Further and even more helpfully they list on their website what they don't value. Interesting - things like "discrimination" and "a stick in the eye" and "closed doors" and "rear view mirror." Were I to list the things that Prop 8 does and stands for, well, I couldn't do much better.
Finally, their mission statement:
"Yahoo's mission is to connect people to their passions, their communities, and the world's knowledge. To ensure this, Yahoo offers a broad and deep array of products and services to create unique and differentiated user experiences and consumer insights by leveraging connections, data, and user participation."
Unique and differentiated user experiences? Assaulting everyone on a California ISP with a pop up ad telling us that we had to "protect marriage" by voting Yes on 8 is a unique and differentiated experience? Really? Because it seems "one size fits all" - something ELSE they say they don't value.

How can you trust - and do business with - a company that doesn't even follow its own values?

Finally, there is the fact that Yahoo was birthed in the nursey of innovation, tolerance and diversity: California. Richard Florida, in his research on "The Rise of the Creative Class," showed how innovation needs diversity and tolerance to flourish, and California's Silicon Valley is the ne plue ultra example of this. Diversity and tolerance are the things most intrinsically under attack by Prop 8, whose supporters pander to fear and seek to isolate gay and lesbian folks from other Californians.

For the geniuses at Yahoo! to accept advertising from a group heavily subsidized by out-of-state money (some of which you can see here and all of which you can see here) to make California less California-like and more like the theocratic, un-diverse, un-innovative other parts of the country goes against their own long term business interests.
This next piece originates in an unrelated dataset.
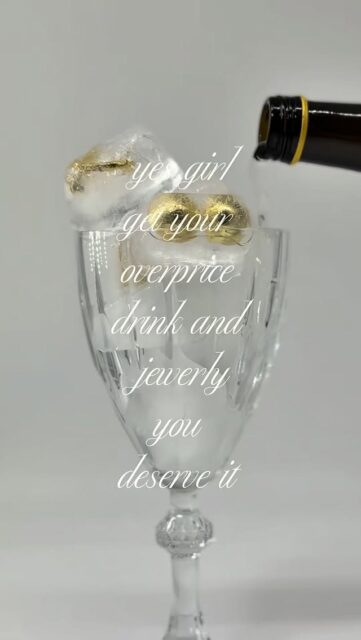 La señal que estabas esperando para darte un gustito 🥂✨

#drink #accesorios #aesthetic #fyp #girly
And it's just rude, you don't bite the hand that feeds you.

Even if you don't think it's enough that Yes on 8 eliminates existing rights - and think about that; in 2008 it's possible to eliminate rights from a class of people by simple majority vote! - and causes real human anguish to over 20,000 married Californians and untold others who were thinking of it, or for their children or other loved ones, for the sole purpose of preserving linguistic hegemony for a non-threatened majority; or if you don't think it's enough that by accepting funding from Yes on 8 to run obnoxious and dishonest pop-up ads supporting this revocation of rights that Yahoo made themselves collusive to it; then surely Yahoo's violation of their own corporate standards and vision is enough to boycott them?

Of course, reasonable people can disagree. But that's why I'm on Gmail.